I really don't know how to approach this as I think they believe if his medication is reduced he will become abusive but are they just turning him into a zombie to mask his behaviour. Is he better off being unaware of his surroundings so hes not upset about it? When he first arrived the staff said he settled in well and never wandered to the door so I'm not sure why he is so medicated.
 

marionq

Registered User
Apr 24, 2013
6,099
Scotland
Getting the balance right between risky behaviour and over medication to calm down is often problematic. Personally I prefer John to be slightly sedated than wandering out the door and getting lost. He doesn't enjoy strangers bringing him back either so limiting his wandering makes sense.
 

Emily M

Registered User
Jan 20, 2015
178
Since going into care home before xmas Dads has deteriorated quite badly.His mobility is quite poor and he doesn't even seem to register when I'm visiting. When he went into respite as mum was taken to hospital he didn't want to be there and would constantly wander to the door and be verbally abusive although not violent. He was moved because of this to an enhanced unit. The staff seem very caring but I only found out after a few weeks that they were giving him medication twice a day. He has gone from being able to recognise us to sitting either mumbling or sleeping with the occasional chat. The staff were concerned about deterioration and have contacted the GP and navigo as they thought the medication might be too much but when I arrived to see him (I live a long way away so only visit every few weeks) they said he had improved slightly and the GP wasn't too concerned.
I really don't know how to approach this as I think they believe if his medication is reduced he will become abusive but are they just turning him into a zombie to mask his behaviour. Is he better off being unaware of his surroundings so hes not upset about it? When he first arrived the staff said he settled in well and never wandered to the door so I'm not sure why he is so medicated.

abijac
How I empathise with what you say. What medication is he on? My mum is on Risperidone which is an anti-psychotic drug.
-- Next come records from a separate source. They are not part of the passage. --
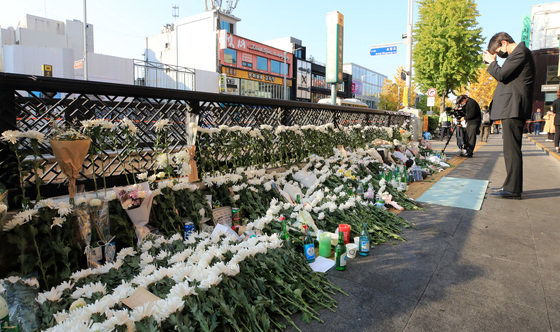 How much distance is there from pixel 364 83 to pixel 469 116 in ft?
261

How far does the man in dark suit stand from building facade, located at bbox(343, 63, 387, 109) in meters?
68.9

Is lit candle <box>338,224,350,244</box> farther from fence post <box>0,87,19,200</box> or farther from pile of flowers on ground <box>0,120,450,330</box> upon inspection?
fence post <box>0,87,19,200</box>

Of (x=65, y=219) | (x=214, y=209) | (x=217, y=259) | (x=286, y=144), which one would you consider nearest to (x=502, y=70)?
(x=286, y=144)

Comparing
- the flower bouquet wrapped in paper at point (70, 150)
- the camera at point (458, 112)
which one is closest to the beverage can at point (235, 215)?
the flower bouquet wrapped in paper at point (70, 150)

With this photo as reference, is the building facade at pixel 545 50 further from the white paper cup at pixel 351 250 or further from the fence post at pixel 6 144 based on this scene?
the fence post at pixel 6 144

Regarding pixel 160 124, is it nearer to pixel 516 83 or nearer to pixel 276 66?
pixel 516 83

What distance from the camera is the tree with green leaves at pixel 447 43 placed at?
17.8m

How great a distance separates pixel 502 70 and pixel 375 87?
3635 inches

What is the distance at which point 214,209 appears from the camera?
143 inches

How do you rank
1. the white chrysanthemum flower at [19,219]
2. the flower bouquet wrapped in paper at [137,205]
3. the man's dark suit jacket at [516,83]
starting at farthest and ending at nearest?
1. the man's dark suit jacket at [516,83]
2. the flower bouquet wrapped in paper at [137,205]
3. the white chrysanthemum flower at [19,219]

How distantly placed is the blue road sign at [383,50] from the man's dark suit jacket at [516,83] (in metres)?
12.1

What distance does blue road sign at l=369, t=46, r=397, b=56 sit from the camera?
16375 millimetres

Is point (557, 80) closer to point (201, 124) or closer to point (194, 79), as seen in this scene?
point (194, 79)

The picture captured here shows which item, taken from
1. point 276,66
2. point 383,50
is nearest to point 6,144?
point 383,50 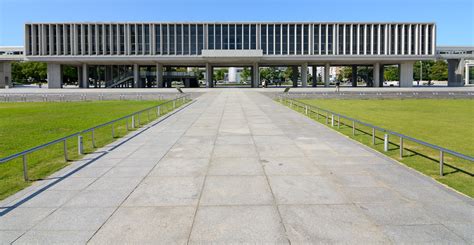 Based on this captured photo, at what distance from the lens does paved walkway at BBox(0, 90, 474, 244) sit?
16.6 feet

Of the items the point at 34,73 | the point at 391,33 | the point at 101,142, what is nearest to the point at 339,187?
the point at 101,142

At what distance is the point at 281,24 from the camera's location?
251 feet

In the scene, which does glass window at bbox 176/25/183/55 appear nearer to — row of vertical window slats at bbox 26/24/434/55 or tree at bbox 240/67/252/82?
row of vertical window slats at bbox 26/24/434/55

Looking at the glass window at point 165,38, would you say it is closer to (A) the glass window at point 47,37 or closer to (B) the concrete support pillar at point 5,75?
(A) the glass window at point 47,37

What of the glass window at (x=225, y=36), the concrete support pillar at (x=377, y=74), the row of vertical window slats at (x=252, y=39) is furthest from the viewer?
the concrete support pillar at (x=377, y=74)

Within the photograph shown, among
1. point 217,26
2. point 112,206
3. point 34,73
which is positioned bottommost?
point 112,206

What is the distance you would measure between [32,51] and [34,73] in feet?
144

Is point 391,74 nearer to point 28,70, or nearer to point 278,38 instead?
point 278,38

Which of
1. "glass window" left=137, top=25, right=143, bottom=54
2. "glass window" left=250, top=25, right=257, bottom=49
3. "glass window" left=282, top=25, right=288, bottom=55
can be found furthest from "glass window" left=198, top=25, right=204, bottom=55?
"glass window" left=282, top=25, right=288, bottom=55

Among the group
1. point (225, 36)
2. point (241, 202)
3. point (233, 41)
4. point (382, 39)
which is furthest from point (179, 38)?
point (241, 202)

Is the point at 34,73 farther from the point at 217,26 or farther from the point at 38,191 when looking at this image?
the point at 38,191

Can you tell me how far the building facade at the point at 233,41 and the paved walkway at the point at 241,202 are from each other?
67.6m

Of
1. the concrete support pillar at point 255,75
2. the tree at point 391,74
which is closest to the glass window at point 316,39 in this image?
the concrete support pillar at point 255,75

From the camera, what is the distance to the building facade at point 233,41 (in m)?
75.6
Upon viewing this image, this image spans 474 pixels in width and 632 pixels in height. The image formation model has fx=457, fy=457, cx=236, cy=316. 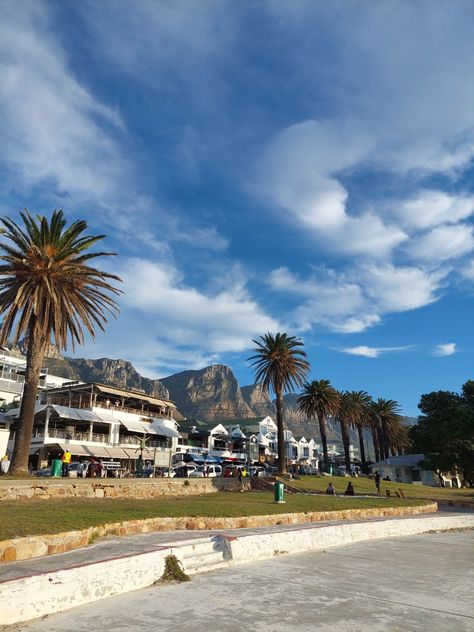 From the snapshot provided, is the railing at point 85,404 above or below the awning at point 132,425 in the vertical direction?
above

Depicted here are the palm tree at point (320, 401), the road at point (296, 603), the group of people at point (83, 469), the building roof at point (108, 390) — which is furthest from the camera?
the palm tree at point (320, 401)

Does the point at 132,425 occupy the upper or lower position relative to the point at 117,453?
upper

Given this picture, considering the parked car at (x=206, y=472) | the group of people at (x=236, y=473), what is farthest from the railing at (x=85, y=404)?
the group of people at (x=236, y=473)

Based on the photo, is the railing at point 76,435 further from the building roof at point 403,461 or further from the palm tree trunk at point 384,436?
the palm tree trunk at point 384,436

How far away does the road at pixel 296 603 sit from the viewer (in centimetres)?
597

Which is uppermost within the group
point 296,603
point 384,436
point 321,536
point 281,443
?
point 384,436

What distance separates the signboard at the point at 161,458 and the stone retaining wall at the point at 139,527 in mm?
13405

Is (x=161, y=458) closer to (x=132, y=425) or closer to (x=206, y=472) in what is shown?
(x=206, y=472)

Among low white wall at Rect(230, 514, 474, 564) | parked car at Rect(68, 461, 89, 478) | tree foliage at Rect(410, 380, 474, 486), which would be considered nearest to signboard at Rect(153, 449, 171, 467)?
parked car at Rect(68, 461, 89, 478)

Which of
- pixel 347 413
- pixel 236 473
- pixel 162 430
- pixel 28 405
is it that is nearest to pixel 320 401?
pixel 347 413

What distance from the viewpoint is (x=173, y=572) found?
28.0 feet

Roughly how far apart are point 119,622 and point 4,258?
24315 millimetres

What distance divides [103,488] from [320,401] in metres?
44.8

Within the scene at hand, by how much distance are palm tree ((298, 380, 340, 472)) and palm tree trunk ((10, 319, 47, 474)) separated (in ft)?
141
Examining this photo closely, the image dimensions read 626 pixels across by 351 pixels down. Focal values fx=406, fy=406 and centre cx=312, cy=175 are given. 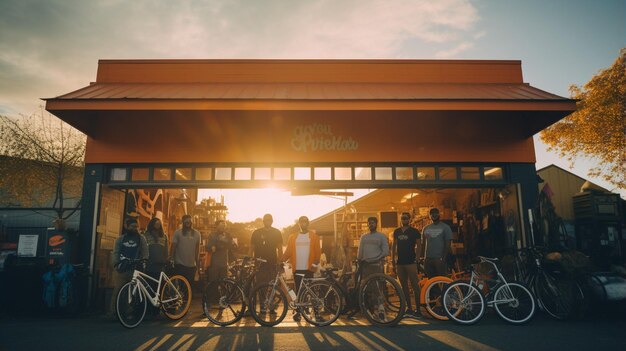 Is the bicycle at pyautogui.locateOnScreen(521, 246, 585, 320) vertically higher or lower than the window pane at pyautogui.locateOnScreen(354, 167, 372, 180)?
lower

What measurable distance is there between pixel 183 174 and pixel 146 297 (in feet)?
11.0

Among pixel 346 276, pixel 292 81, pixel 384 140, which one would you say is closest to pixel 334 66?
pixel 292 81

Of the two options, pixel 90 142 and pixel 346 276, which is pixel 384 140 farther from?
pixel 90 142

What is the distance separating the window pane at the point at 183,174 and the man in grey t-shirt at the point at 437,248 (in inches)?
219

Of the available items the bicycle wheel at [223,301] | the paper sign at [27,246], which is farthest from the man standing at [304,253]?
the paper sign at [27,246]

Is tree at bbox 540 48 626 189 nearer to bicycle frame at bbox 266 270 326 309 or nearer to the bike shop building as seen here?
the bike shop building

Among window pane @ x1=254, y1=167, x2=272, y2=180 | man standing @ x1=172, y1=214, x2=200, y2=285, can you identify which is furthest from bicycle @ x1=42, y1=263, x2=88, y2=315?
window pane @ x1=254, y1=167, x2=272, y2=180

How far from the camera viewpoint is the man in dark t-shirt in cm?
773

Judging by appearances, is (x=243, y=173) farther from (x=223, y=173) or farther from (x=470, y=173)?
(x=470, y=173)

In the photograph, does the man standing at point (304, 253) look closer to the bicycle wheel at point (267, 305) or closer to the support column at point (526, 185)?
the bicycle wheel at point (267, 305)

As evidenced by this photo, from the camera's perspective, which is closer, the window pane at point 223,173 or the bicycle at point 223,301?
the bicycle at point 223,301

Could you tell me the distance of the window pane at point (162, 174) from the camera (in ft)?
31.2

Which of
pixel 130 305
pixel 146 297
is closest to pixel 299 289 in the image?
pixel 146 297

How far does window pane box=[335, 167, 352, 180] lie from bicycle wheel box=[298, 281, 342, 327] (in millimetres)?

She was prescribed it because of aggression and agitation and her husband was finding it difficult to cope with this. It has calmed her down but I have noticed a marked change in her behaviour since she has been on it and zombie is the word that I would use. Her memory seems to have deteriorated and she is very confused at who members of the family are. As she is not so active she now has become much frailer.

On "Taking Point" I was told that it is preferred that patients only stay on Risperidone (if that is what he is on) for a short time, but also that they can return to the aggressive behaviour when the dose if reduced or stopped.

I am sorry to say that it is the matter of choosing between the lesser of the evils. One thing I would say is do you think your father is happier now, albeit in this subdued state and was he more unhappy before being given this medicine? It may not be an easy thing to answer.

I also empathise with you living a long distance away as I am "in the same boat." You probably feel because of this you have less control over things. You have to accept this but you should be able to discuss your concerns with the home and ask if his dose is too high. Why not ask for a senior member of staff to discuss your concerns on the telephone or possibly ask for a meeting to discuss things in more detail next time you visit.

I am afraid this doesn't give an instant answer, but you are not alone with these concerns.